Чтобы увериться в собственной правоте, я нанес им визит и коварно выспрашивал, что они сами думают о своей манере. Как мне и мечталось, они поглядели на меня с удивлением и отвечали: мы играем "Жизнь человека" Леонида Андреева в декорациях Обри Бердсли, мы играем Метерлинка, мы играем "Гамлета" в постановке Гордона Крэга, Станиславский в Московском камерном театре ставит пьесы в стилизованных декорациях, - мы играем каждую пьесу так, как того требует ее суть. Я уверен, что точно так же, как они приподнимают над реальностью пьесы, являющиеся плохим подражанием действительности, пьесы фантастического содержания они превратили бы в сбивающую с толку реальность.

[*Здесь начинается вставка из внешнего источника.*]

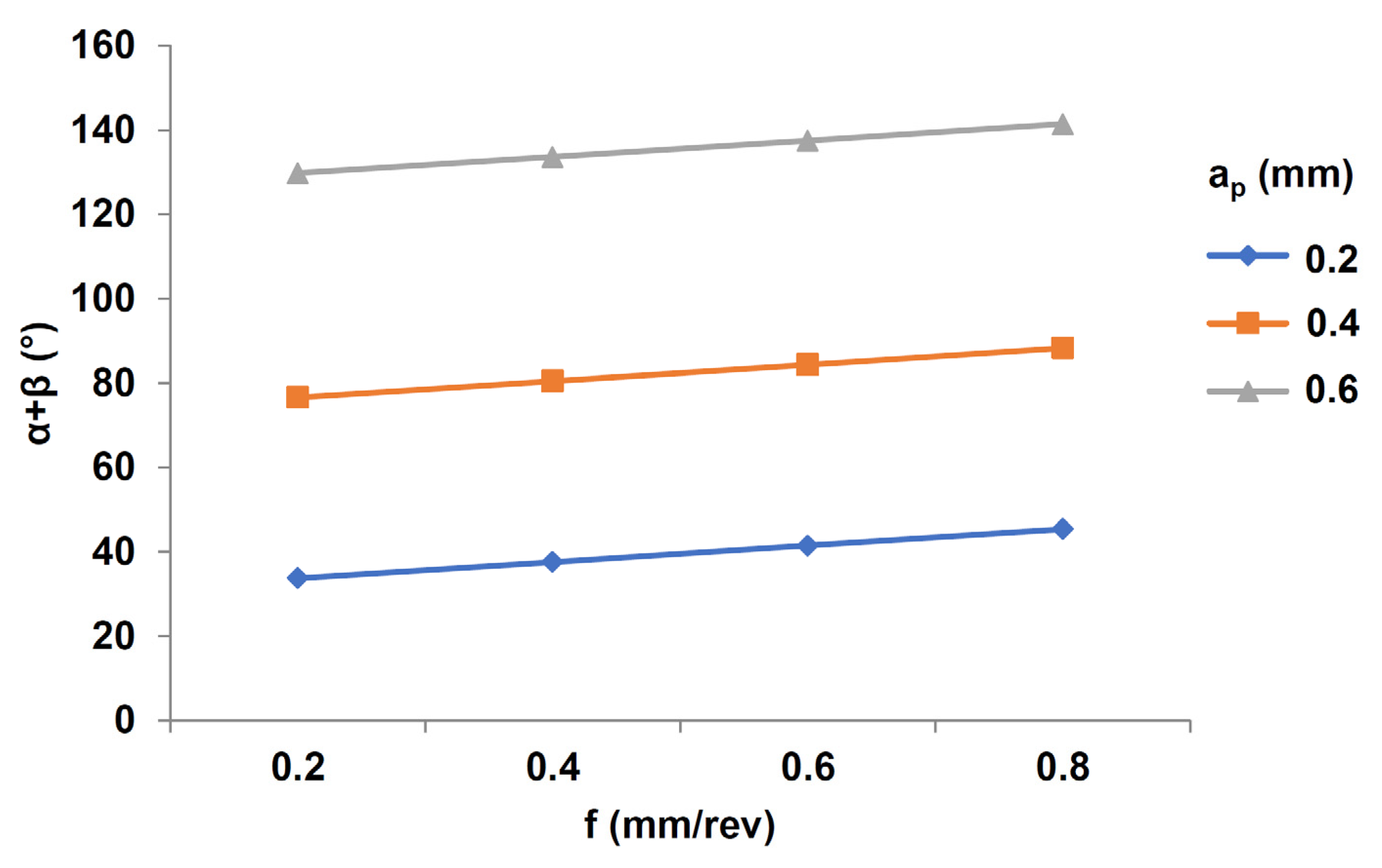 Applsci 13 00460 g017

Потому что материальность действия они подчиняют духу. Если я правильно слышал, случается, что над одной пьесой они работают три года (писатель Немирович-Данченко ответствен за дух, волшебник Станиславский руководит ансамблем). Такое положение представляется мне совершенно естественным, этому следовало бы поучиться нашим театральным деятелям, ставящим спектакль за три месяца. Не так уж трудно иметь идеи, а в суматохе наших дней впечатлительная душа может обрести любой облик; и если этому астральному телу сшить на живую нитку платье (по возможности модное и хорошо сидящее), то вот уже и готово произведение искусства. Но это не есть произведение в смысле той внутренней цельности, которую Гете назвал бесконечной и неисчерпаемой. Она возникает лишь тогда - пусть это не кажется парадоксом, когда в произведение вложена вся душа поэта без остатка, когда душа так воплотилась в нем, что почти не в состоянии узнать себя, почти не в состоянии владеть им и ощущает, что творение противостоит ей в неумолимой завершенности как вторая натура. На самом деле нет ничего естественнее этого парадокса. Ведь тот, кто истинный художник, а не ремесленник, воплощает не свои идеи, но свою единственнейшую идею, свое представление о мире, свои претензии и намерения относительно этого мира. И в той же степени, в какой труды и борьба всей его жизни больше какого-нибудь одного мига, в той же самой степени невозможно вместить их величие и многообразие в единый миг, дописанное до конца произведение в момент его завершения скроет творца подобно тому, как пышная крона скрывает ствол дерева. - Пожалуй, это все не для газеты. Но тем не менее для нее. Почти полное отсутствие такой доскональности - одна из причин того, что смена модных течений в искусстве походит на галопирующую чахотку, а получившая подобное воспитание публика следит за гонками борзописцев с позиций самих борзописцев.